*Task details:* Set down every line from the one with "1530 - GB.ISLANDS" to the end of the entries, both ends included, exactly as it reads and without pictures.

*Data supplied:*

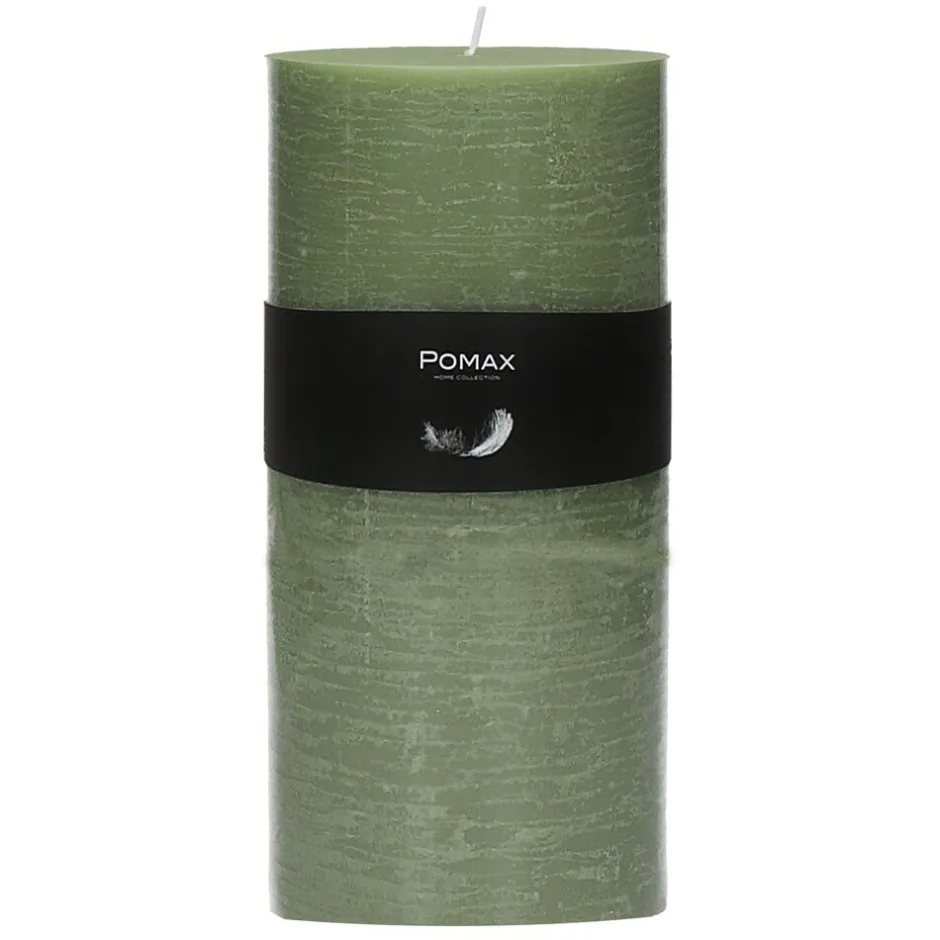 Pomax Bougies-CANDLE - bougie - cire de paraffine - DIA 10 x H 20 cm - avocat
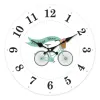 Wall Clock Versa Bicycle Wood 4 x 30 x 30 cm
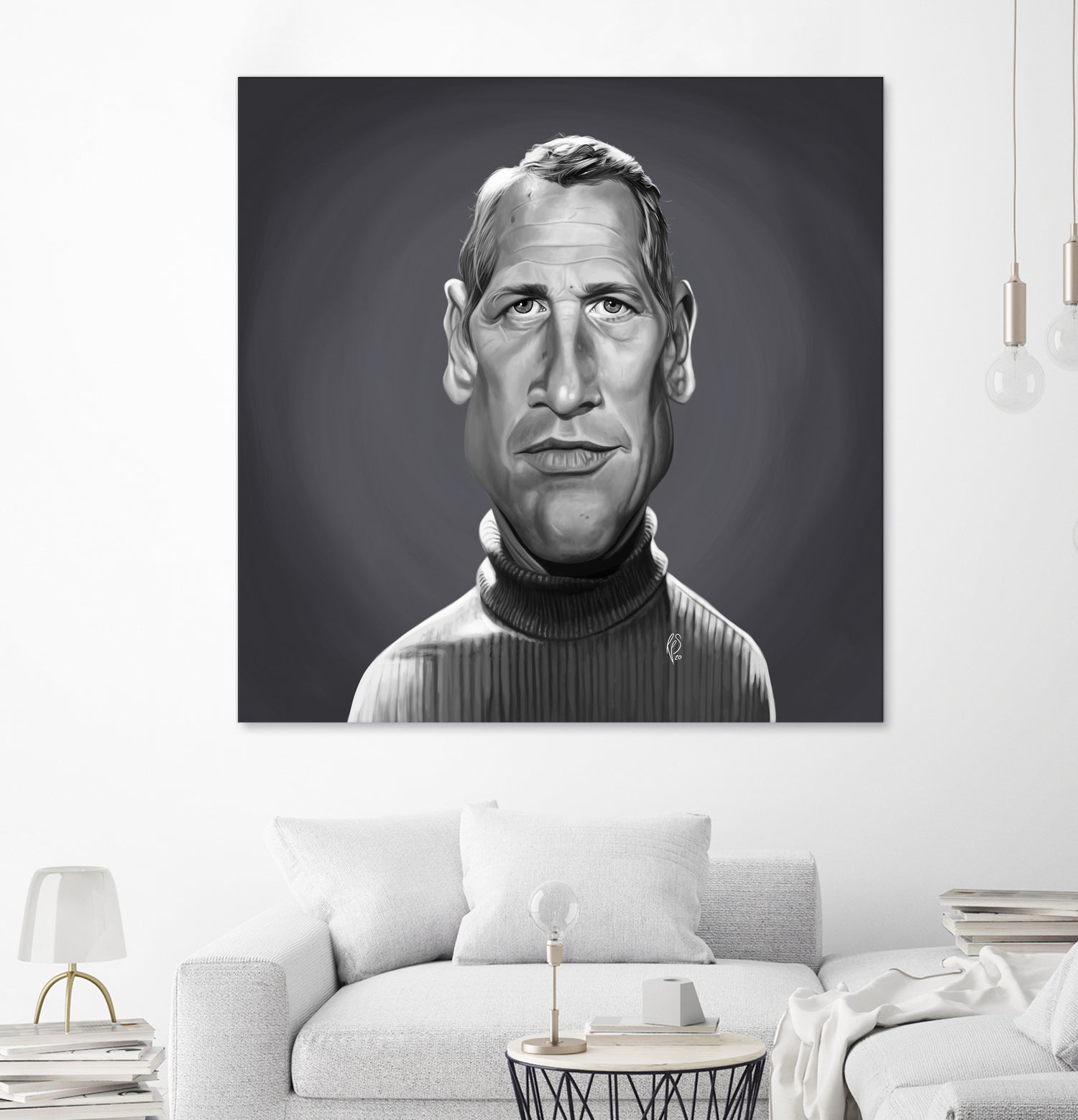 Paul Newman by Rob Snow on GIANT ART - gray digital painting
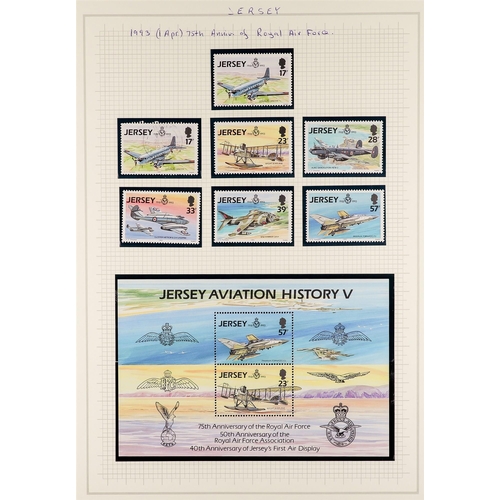 1530 - GB.ISLANDS JERSEY 1941 - 2013 mint and used (chiefly never hinged mint) collection in 2 Lighthouse a... 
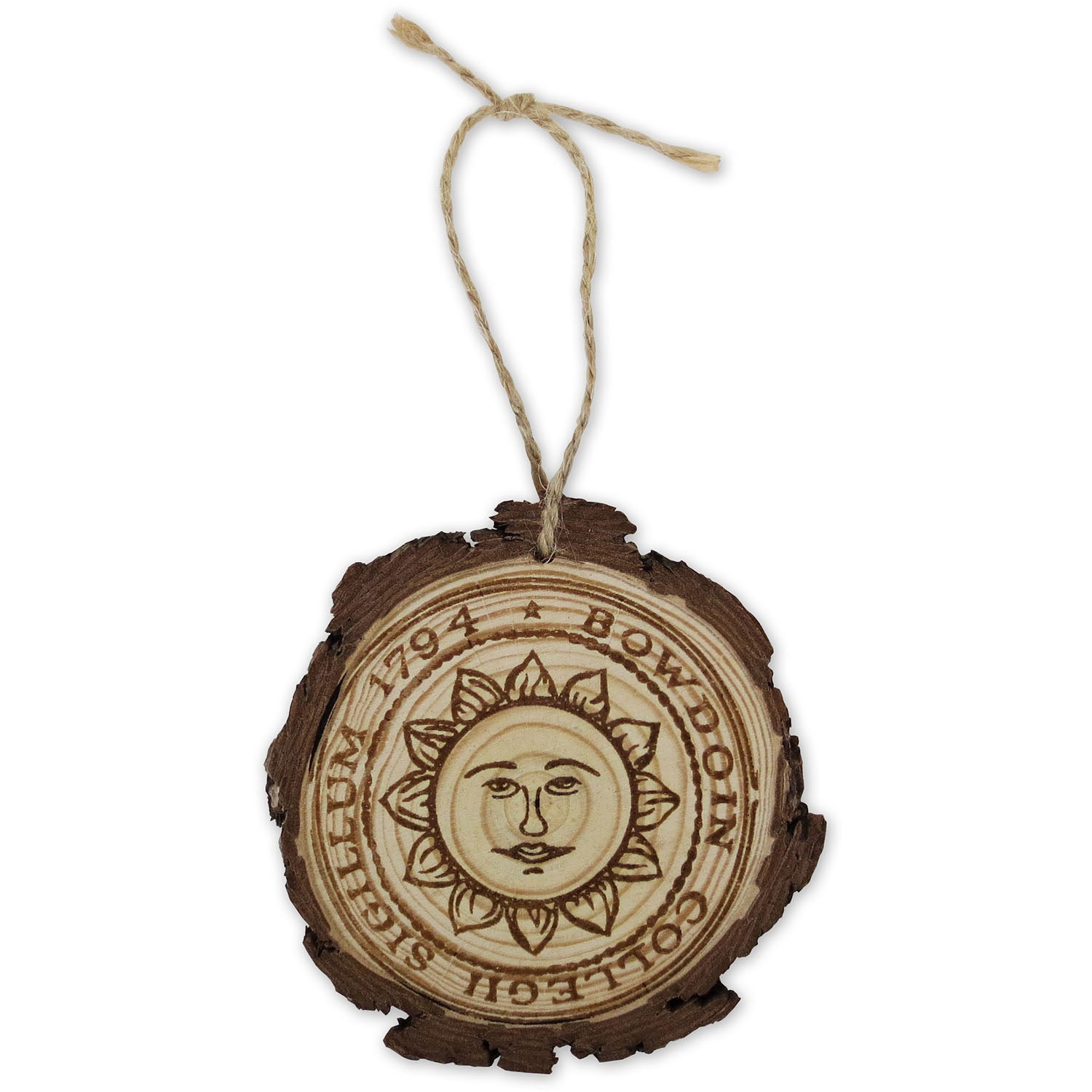 Wooden Bowdoin Ornament from Mare Brook Farm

*Solved exercise:*
 1530 - GB.ISLANDS JERSEY 1941 - 2013 mint and used (chiefly never hinged mint) collection in 2 Lighthouse a... 
 Wooden Bowdoin Ornament from Mare Brook Farm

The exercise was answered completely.